### Work required
Print every line below exactly. Skip the pictures.

### The data
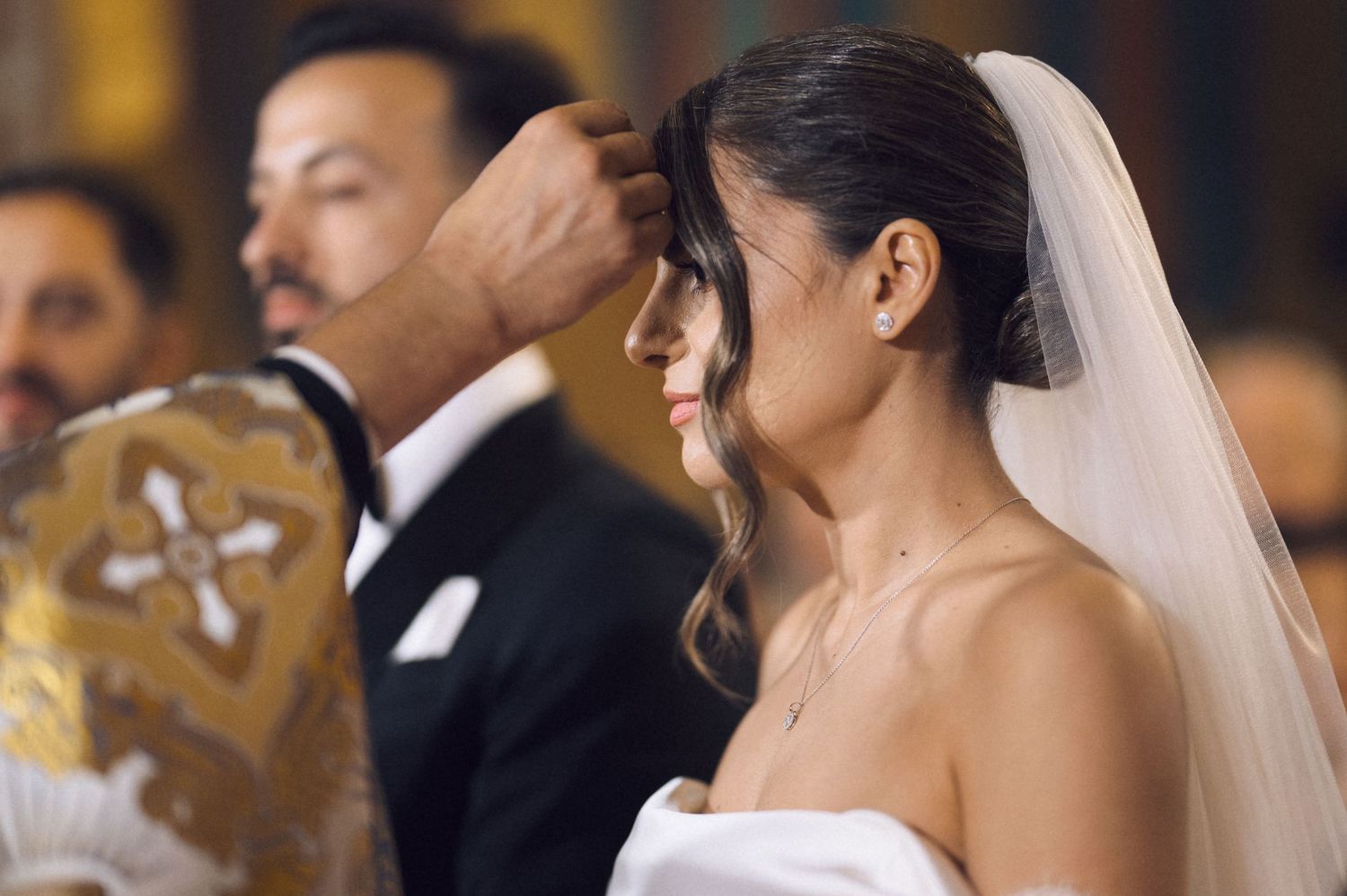 Bride in white veil receives blessing from officiant during elegant wedding ceremony.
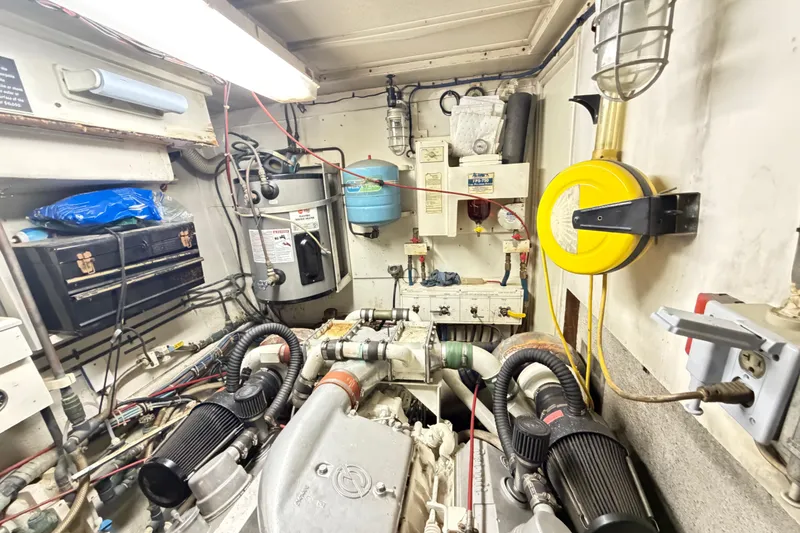Slide: The Image of Engine room of a 1978 Hatteras 53 Motor Yacht with mechanical equipment. - 26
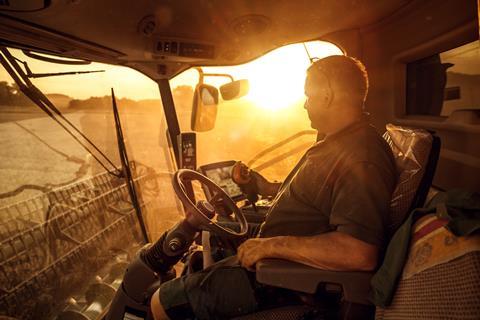 Farmer driving combine harvester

### Answer section
 Bride in white veil receives blessing from officiant during elegant wedding ceremony.
Slide: The Image of Engine room of a 1978 Hatteras 53 Motor Yacht with mechanical equipment. - 26
 Farmer driving combine harvester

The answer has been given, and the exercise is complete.